I am working the R language. I am trying to follow this tutorial here (A quick tour of GA ) on function optimization.
I created some data for this example:
#load libraries
library(dplyr)
library(GA)
# create some data for this example
a1 = rnorm(1000,100,10)
b1 = rnorm(1000,100,5)
c1 = sample.int(1000, 1000, replace = TRUE)
train_data = data.frame(a1,b1,c1)
I defined the following function ("funct_set") over here:
funct_set <- function (x) {
x1 <- x[1]; x2 <- x[2]; x3 <- x[3] ; x4 <- x[4]
f <- numeric(4)
#bin data according to random criteria
train_data <- train_data %>%
mutate(cat = ifelse(a1 <= x1 & b1 <= x3, "a",
ifelse(a1 <= x2 & b1 <= x4, "b", "c")))
train_data$cat = as.factor(train_data$cat)
#new splits
a_table = train_data %>%
filter(cat == "a") %>%
select(a1, b1, c1, cat)
b_table = train_data %>%
filter(cat == "b") %>%
select(a1, b1, c1, cat)
c_table = train_data %>%
filter(cat == "c") %>%
select(a1, b1, c1, cat)
#calculate quantile ("quant") for each bin
table_a = data.frame(a_table%>% group_by(cat) %>%
mutate(quant = ifelse(c1 > x[5],1,0 )))
table_b = data.frame(b_table%>% group_by(cat) %>%
mutate(quant = ifelse(c1 > x[6],1,0 )))
table_c = data.frame(c_table%>% group_by(cat) %>%
mutate(quant = ifelse(c1 > x[7],1,0 )))
f[1] = -mean(table_a$quant)
f[2] = -mean(table_b$quant)
f[3] = -mean(table_c$quant)
#group all tables
final_table = rbind(table_a, table_b, table_c)

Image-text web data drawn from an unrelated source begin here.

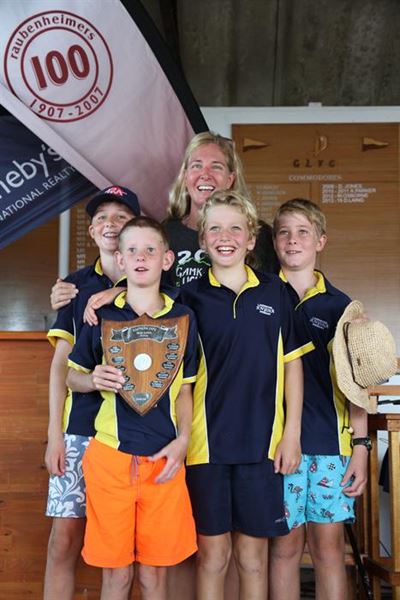 Young sailors make Knysna proud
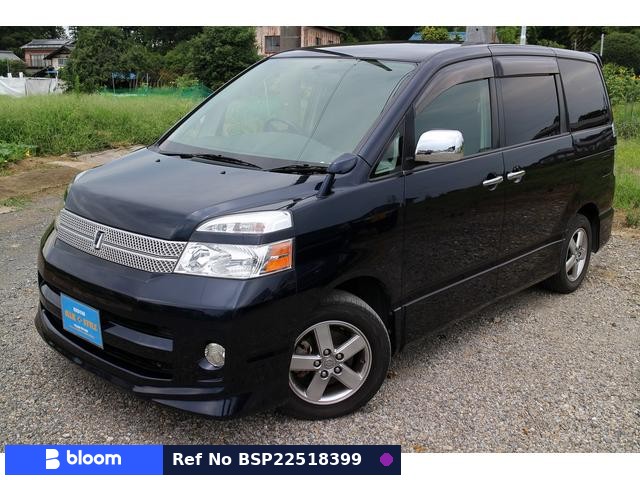 2007 Toyota Voxy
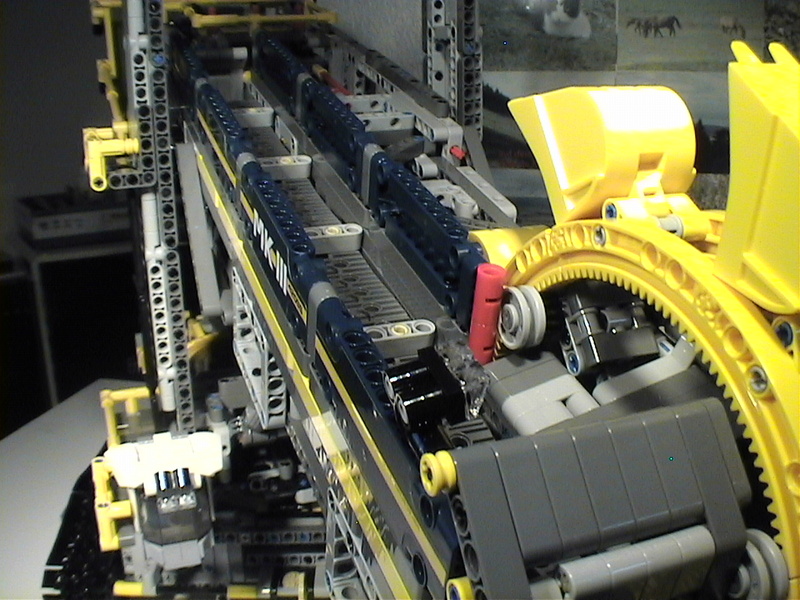 Der Schaufelradbagger von LEGO-Technik gebaut von Alo  Dvc04544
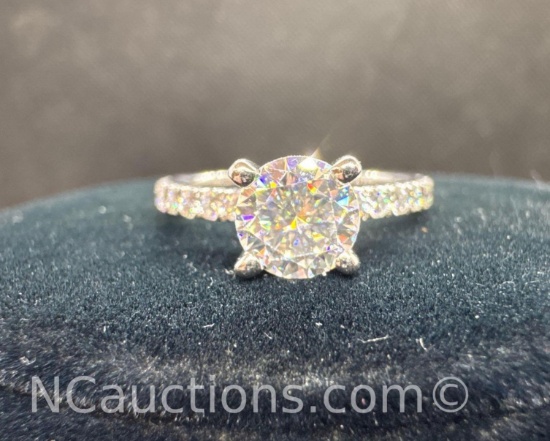 Silver 925 Moissanite Diamond Ring 2.59 Grams Size 6.5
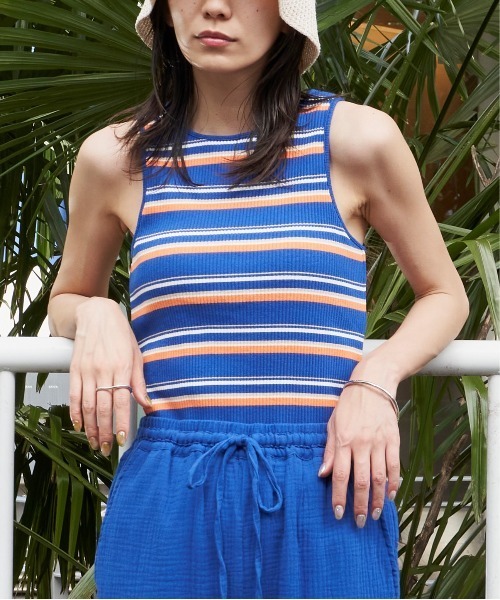 Auntie Rosa Holiday(アンティローザホリデー)の「マルチボーダーカップ付きアメスリタンク(タンクトップ・レディース・オフホワイト/ブルー・FREE)」の1枚目の写真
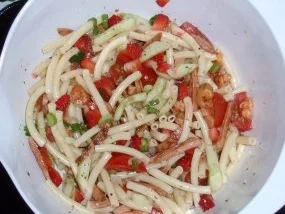 Rezept: Frühlingshafter Nudelsalat Bild Nr. 8 Frühlingshafter Nudelsalat - Rezept - Bild Nr. 8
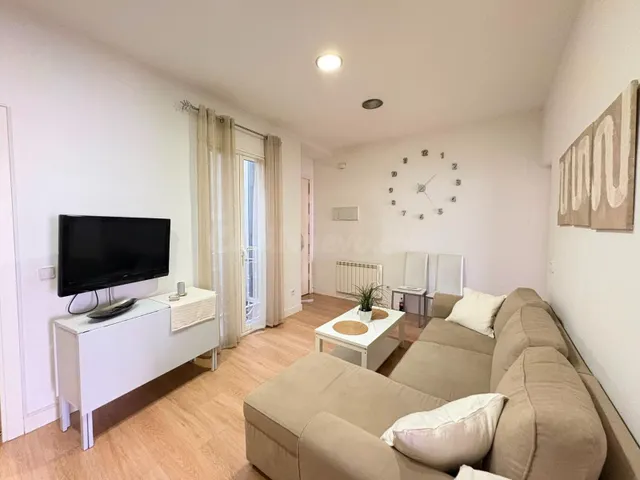 Piso 2 habitaciones 73m² en venta - Embajadores - foto 2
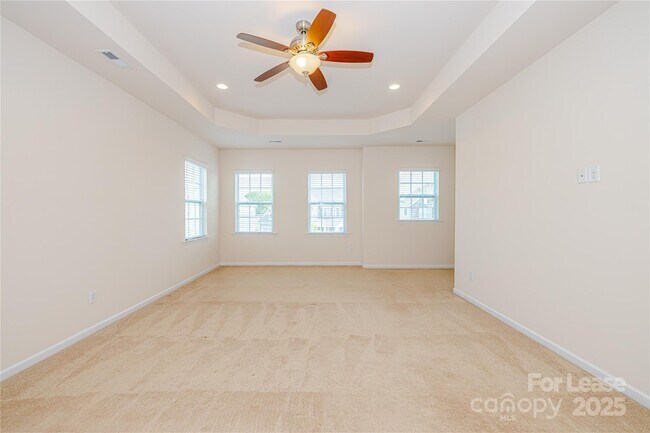 Building Photo - 2624 Snap Dragon Dr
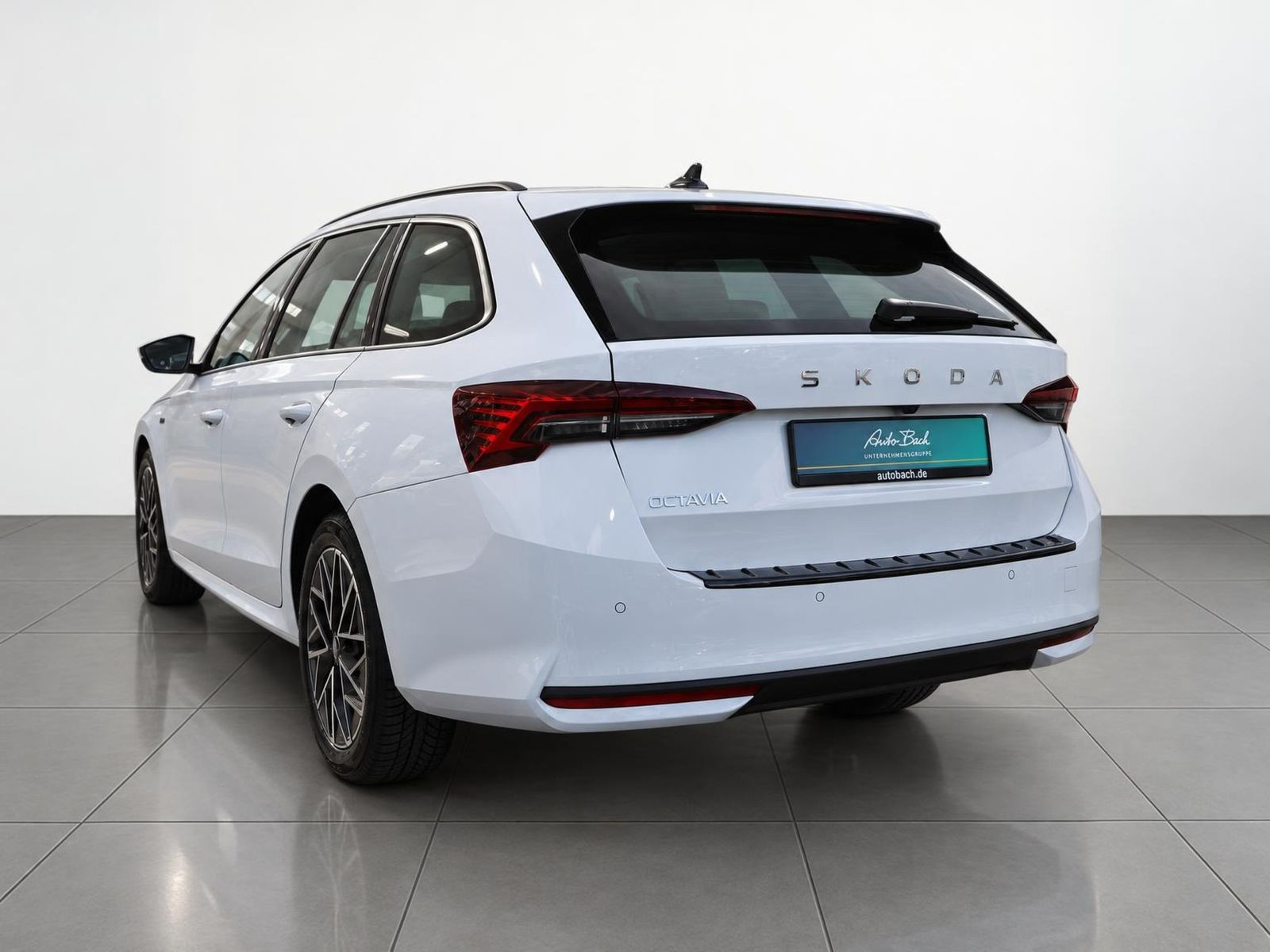 Skoda Octavia Combi Tour 2.0TDI 110kW  DSG Navi AHK Panorama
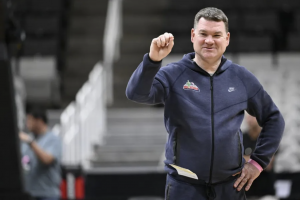 El futuro de Tommy Lloyd está en juego mientras el trabajo en la UNC se avecina en algún momento de la Final Four Slouch | Deadspin.com
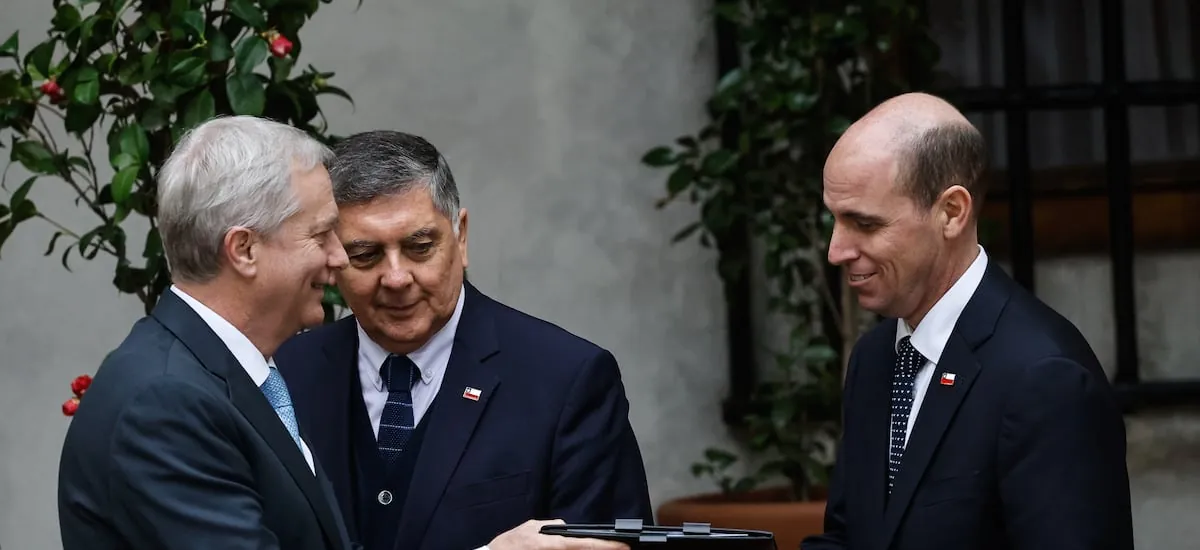 Cadem: 51% cree que el gobierno debe retirar su reforma de seguridad y buscar acuerdos antes de volver a presentarla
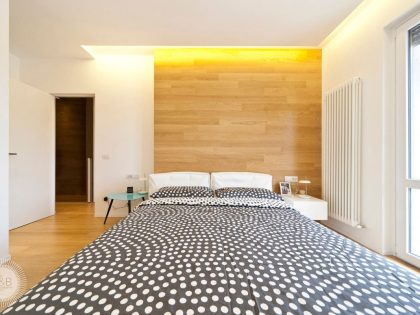 A Bright and Luminous Modern Apartment with Wood Accents in Bastia Umbra, Italy by Gianni Amantini (14)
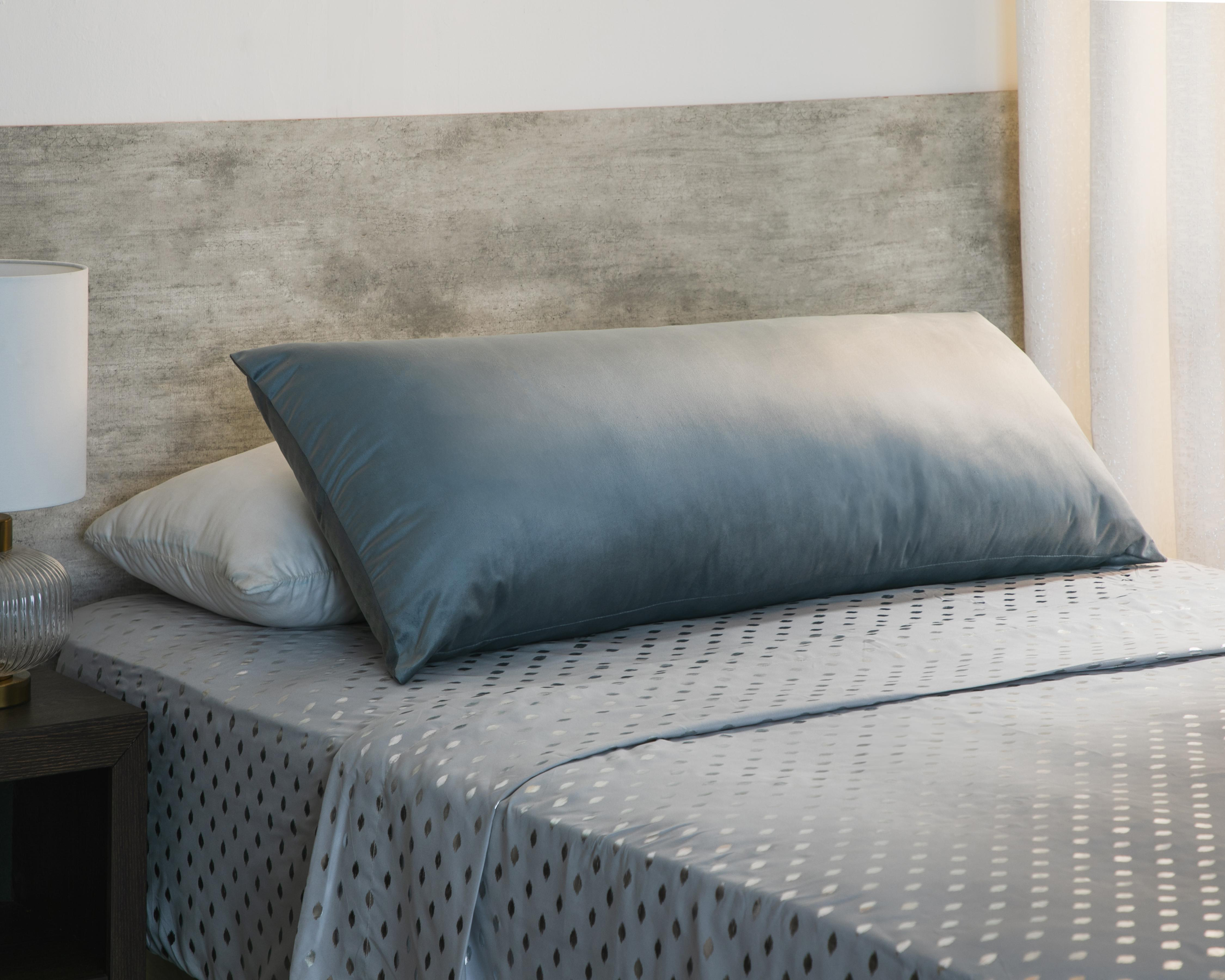 Body Pillow Starhaus Suave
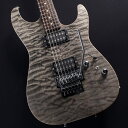 楽器種別：ユーズドエレキギター/Tom Anderson 商品一覧＞＞エレキギター【310，000円〜590，000円】 商品一覧＞＞当店のギターは、出荷前に専門スタッフが検品・調整しているので安心です！Tom Anderson 【USED】Drop Top Atlantic Storm with Binding， Matching Back #11-02-13N商品説明ハイエンドギターの一流ブランドとしてその名を馳せるTom Anderson/トム・アンダーソン！2013年〜14年製、ドロップトップ中古品！！Tom Andersonはまさに現代のカスタムコンポーネントの基礎を作ったと言っても過言ではないでしょう。徹底した木材の管理、自社で製作されるピックアップや、その木工技術と使用する木材の良さは世界トップクラス。どなたが弾かれても納得のファストレスポンスは流石の一言です。本機は派手に波打つキルテッドメイプルをトップ材に採用したDrop Top。このハイエンドギター然としたルックスが堪りません。ボディーバックはアルダー、ネックにはメイプル、指板にインディアンローズをセレクトしており、トラディショナルなストラトタイプを進化させた様なふくよかなローミッドと素早いトレブルのレスポンスが魅力なトーンを弾き出します。使用される全てのマテリアルがトムのハイレベルな製造工程で融合し、自然と体に馴染む演奏性と芯がぶれない安定感あるトーンで貴方の演奏を支えてくれます。全体的に擦り傷や細かな打痕、パーツのくすみなどがあり使用感を感じます。商品詳細Body : Quilt Maple Top on AlderNeck : MapleFingerboard : RosewoodMatching Headstock Satin BackFret : Heavy Frets Neck Shape : Even-TaperBridge : Chrome Sunken Floyd Rose Nut : Locking NutNeck Pickup : H1Bridge Pickup : H3Control : 5-Way with Push/Pull + VA Booster バックパネル欠品、アーム、ハードケース付属イケベカテゴリ_ギター_エレキギター_Tom Anderson_ユーズド JAN:2500010128551 登録日:2023/11/20 エレキギター トムアンダーソン トムアン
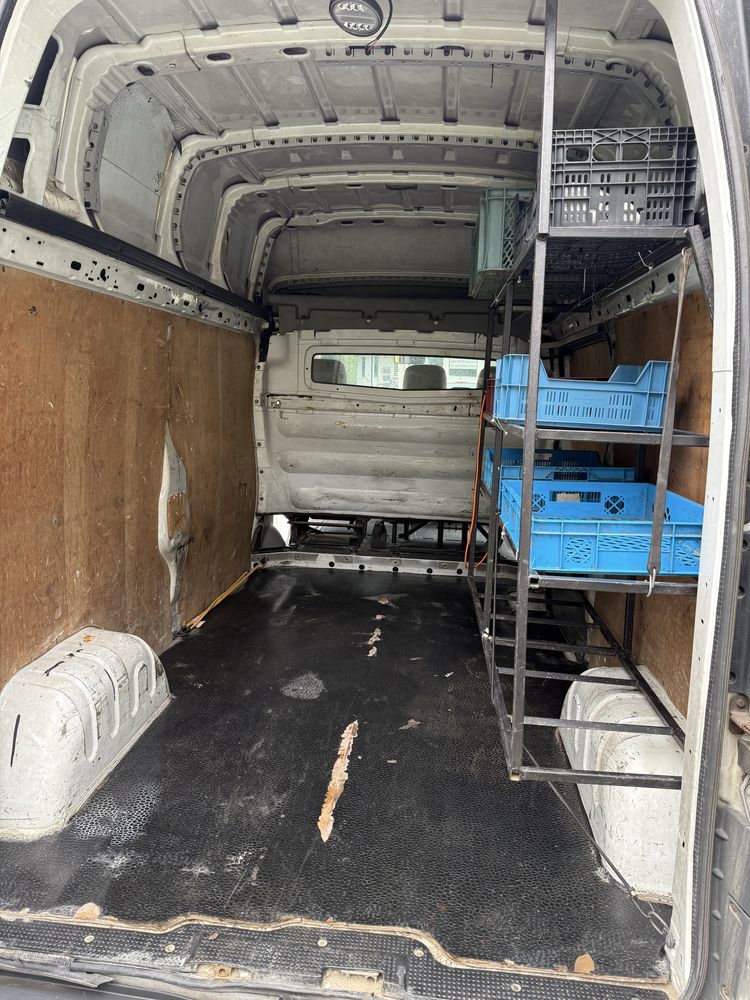 BUS Renault Trafik 1,9 dla budowlańca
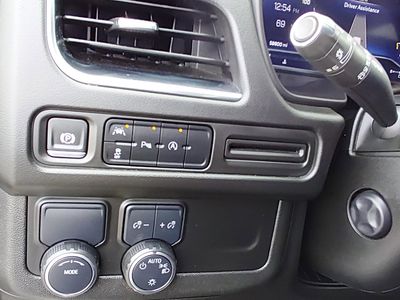 2024 Chevrolet Tahoe — photo 13 view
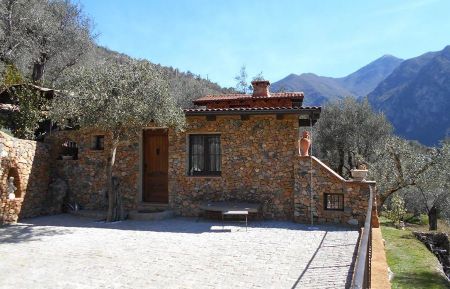 G&icirc;te n&deg;5098 Breil-sur-Roya - Alpes-Maritimes - Entr&eacute;e ouest du G&icirc;te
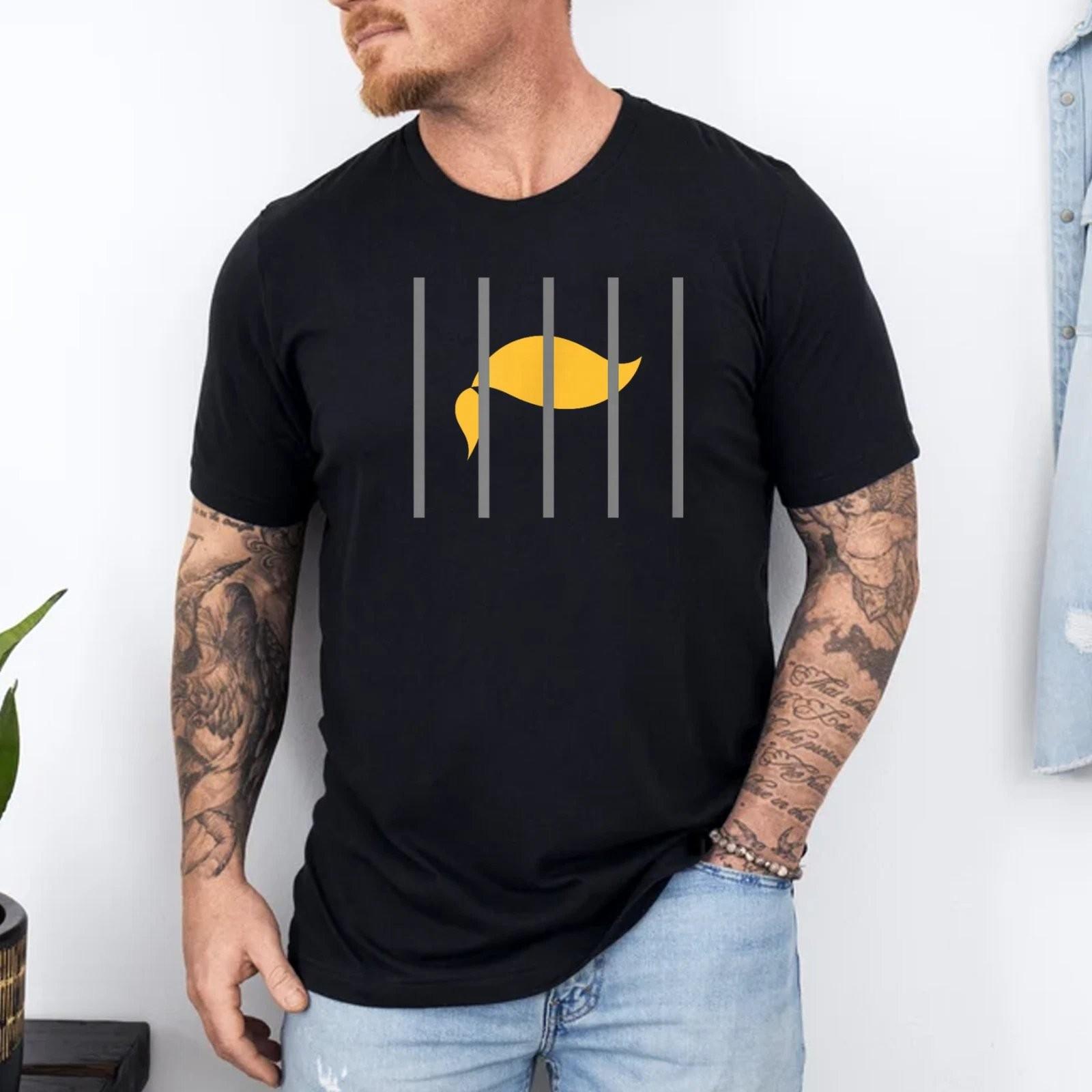 Donald Trump Impeach Behind Bars Funny Graphic Tee Mens T-Shirt XL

# calculate the total mean : this is what needs to be optimized
f[4] = -mean(final_table$quant)
return (f);
}
Then, I ran the optimization algorithm:
GA <- ga(type = "real-valued",
fitness = funct_set,
lower = c(80, 1, 80, 1, 90,180, 365), upper = c(100, 20, 100, 20, 140,400,720),
popSize = 50, maxiter = 20, run = 20)
This successfully runs, e.g. :
GA | iter = 1 | Mean = -0.9686663 | Best = -0.8636364
GA | iter = 2 | Mean = -0.9408230 | Best = -0.8571429
GA | iter = 3 | Mean = -0.9107766 | Best = -0.8571429
GA | iter = 4 | Mean = -0.8995899 | Best = -0.8571429
etc
But this produces the following warning:
There were 50 or more warnings (use warnings() to see the first 50)
When I view the warnings, I see this warning appear multiple times:
#view warnings
warnings()
Warning messages:
1: In Fitness[i] <- fit :
number of items to replace is not a multiple of replacement length
2: In Fitness[i] <- fit :
number of items to replace is not a multiple of replacement length
3: In Fitness[i] <- fit :
number of items to replace is not a multiple of replacement length
etc
Does anyone know why these warnings are being produced? Is there a way to avoid these warnings?
Thanks